Am 11. März machte Netanjahu einen Ausflug zu den Golanhöhen in Begleitung nicht nur des US-Botschafters David Friedman, sondern auch des republikanischen Senators Lindsey Graham aus South Carolina. Der Vorsitzende des Justizausschusses des Senats hat sich in den letzten zwei Jahren geschickt bei Präsident Trump eingeschmeichelt, den er vor allem in Sachen Außen- und Sicherheitspolitik berät. Wie sein früherer Senatskollege und Mentor John McCain ist Grahams Antwort auf jede internationale Streitfrage die Demonstration und/oder Anwendung militärischer Gewalt durch die heldenhaften Streitkräfte Amerikas. Daher verwundert es nicht, daß Graham bei der Stippvisite auf den Golanhöhen in gefährliches Schwärmen geriet. Vor den laufenden Kameras der mitgereisten Presse verkündete er stolz: "Dieses Territorium weist eine reichhaltige jüdische Geschichte auf. Strategisch gesehen stehe ich hier auf einem der wichtigsten Stücke Erde im Staate Israel".

Gleich am Tag darauf wartete die israelische Armee mit der spektakulären Enthüllung über die angebliche Existenz einer geheimen "Terrorzelle" der schiitischen, mit dem Iran verbündeten Hisb-Allah-Miliz in einem Dorf auf der syrischen Seite der De-Facto-Grenze auf dem Golan auf. Ein Tag später, nämlich am 13. März, veröffentlichte das State Department in Washington einen Bericht zur internationalen Menschenrechtslage, in dem erstmals in einem Regierungsdokument der USA die Golanhöhen nicht mehr als "von Israel besetzt", sondern als "von Israel kontrolliert" bezeichnet wurden.

Am 20. März empfing Netanjahu US-Außenminister Mike Pompeo in Jerusalem.
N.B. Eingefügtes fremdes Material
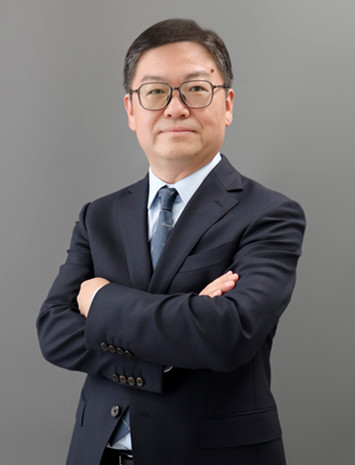 刘杰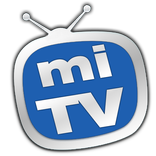 Mi Televisión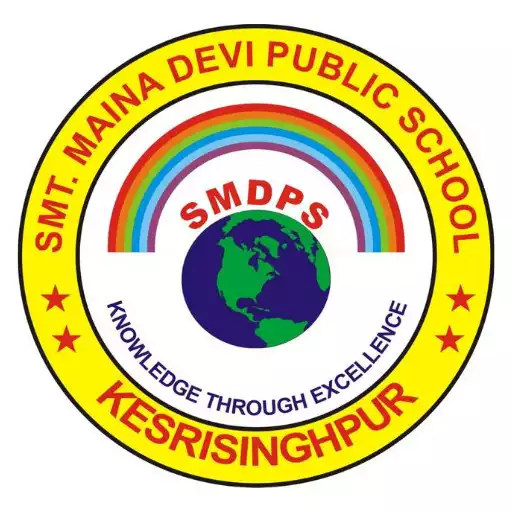 Play SMDP SCHOOL APK Play SMDP SCHOOL APK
Ein wichtiges Thema der ersten Unterredung waren offenbar die Golanhöhen. Auf der gemeinsamen Pressekonferenz äußerte sich der ehemalige CIA-Direktor zu der schwierigen Territorialfrage nicht, sondern überließ dies dem Gastgeber. Unter Verweis auf die Entdeckung besagter Hisb-Allah-"Terrorzelle" sagte Netanjahu den Journalisten: "Ich nehme an, sie können sich alle vorstellen, was auf dem Golan los wäre, wäre Israel nicht dort. Wir hätten den Iran am Ufer des Sees von Genezareth. Ich denke aus diesem und vielen anderen Gründen ist die Zeit gekommen, daß die internationale Gemeinschaft die israelische Präsenz auf dem Golan anerkennt und die Tatsache einsieht, daß der Golan für immer ein Teil Israels bleiben wird."
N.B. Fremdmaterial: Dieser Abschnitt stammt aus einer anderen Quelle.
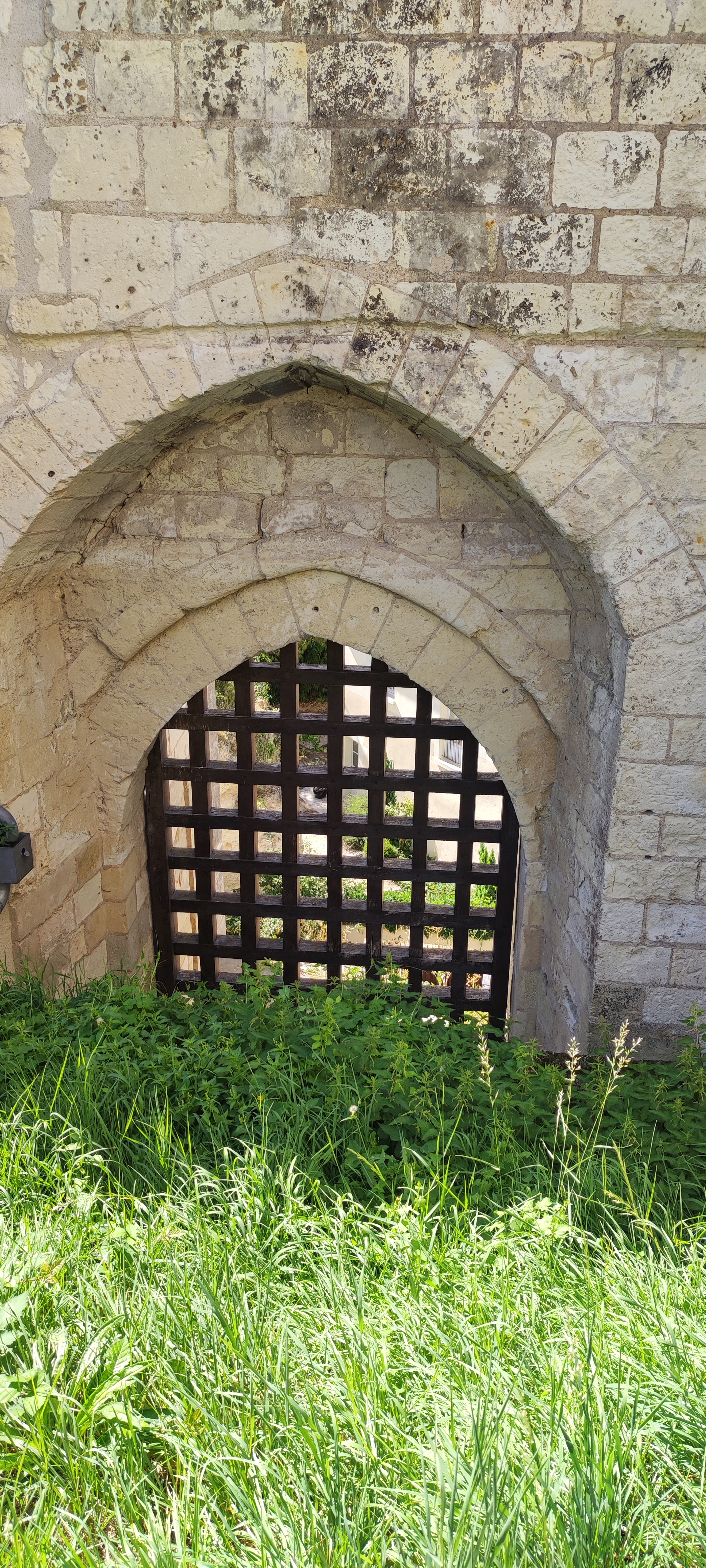 Photo n° 1 de l'avis de Valerie.e fait le 29/08/2023 à 09:25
In der kommenden Woche wird Netanjahu die USA besuchen. Das gab am 20. März das Weiße Haus bekannt. Während der Zeit in Washington wird Netanjahu, der in den USA aufgewachsen ist und aus dieser Zeit mit der Familie Jared Kushners eng befreundet ist, sich sowohl mit Präsident Trump treffen, als auch als wichtigster Gastredner auf der diesjährigen Tagung des enorm einflußreichen American Israel Public Affairs Committee (AIPAC) auftreten. In einer Meldung der Nachrichtenagentur Associated Press vom heutigen 21. März hieß es: "Regierungsvertreter der USA und Israels erklärten ... sie erwarteten eine Entscheidung [Washingtons - Anm. d. SB-Red.] zur formellen Anerkennung des Territoriums [der Golanhöhen - Anm. d. SB-Red.], das Israel 1981 annektiert hat, als Teil Israels in der kommenden Woche."
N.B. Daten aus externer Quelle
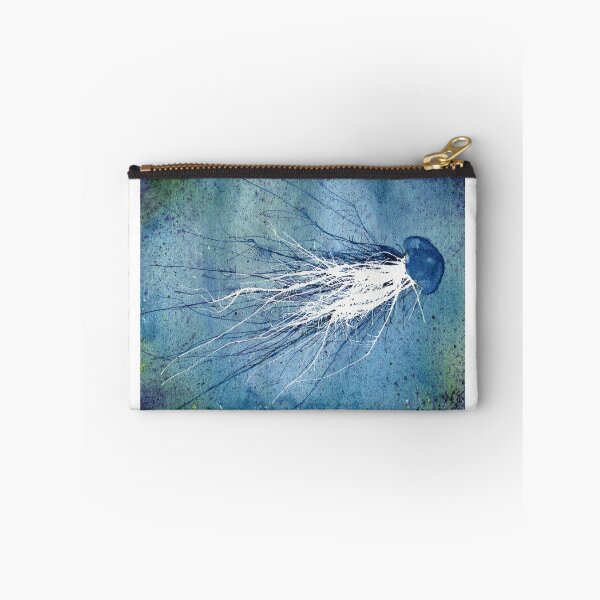 Item preview, Jellyfish  designed and sold by jangon8.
In der Ausgabe der New York Times vom 21. März ist in diesem Zusammenhang die Rede von einer bevorstehenden "großen Geste" seitens Trumps, um Netanjahu zu einer "fünften Amtszeit zu verhelfen". Netanjahu hat im Trump-Lager einen mächtigen Fürsprecher. Der zionistische Kasino-König Sheldon Adelson aus Las Vegas, der seit Jahren ein finanzieller Förderer des amtierenden israelischen Premierminister ist, war 2016 Trumps größter einzelner Wahlkampfspender. 2020 soll Adelsons Geld für Trumps Wiederwahl als Präsident sorgen. Daher war es keine große Überraschung, als Trump, der sowieso auf internationale Verträge pfeift und das Recht des Stärkeren für sich und die USA reklamiert, den Besuch Netanjahus nicht abwartete, um dem Likud-Vorsitzenden die Golanhöhen als Wahlgeschenk zu präsentieren, sondern bereits am Abend des 21. März die offenbar längst gefallene Entscheidung mit einer präsidialen Twitter-Meldung bekanntgab.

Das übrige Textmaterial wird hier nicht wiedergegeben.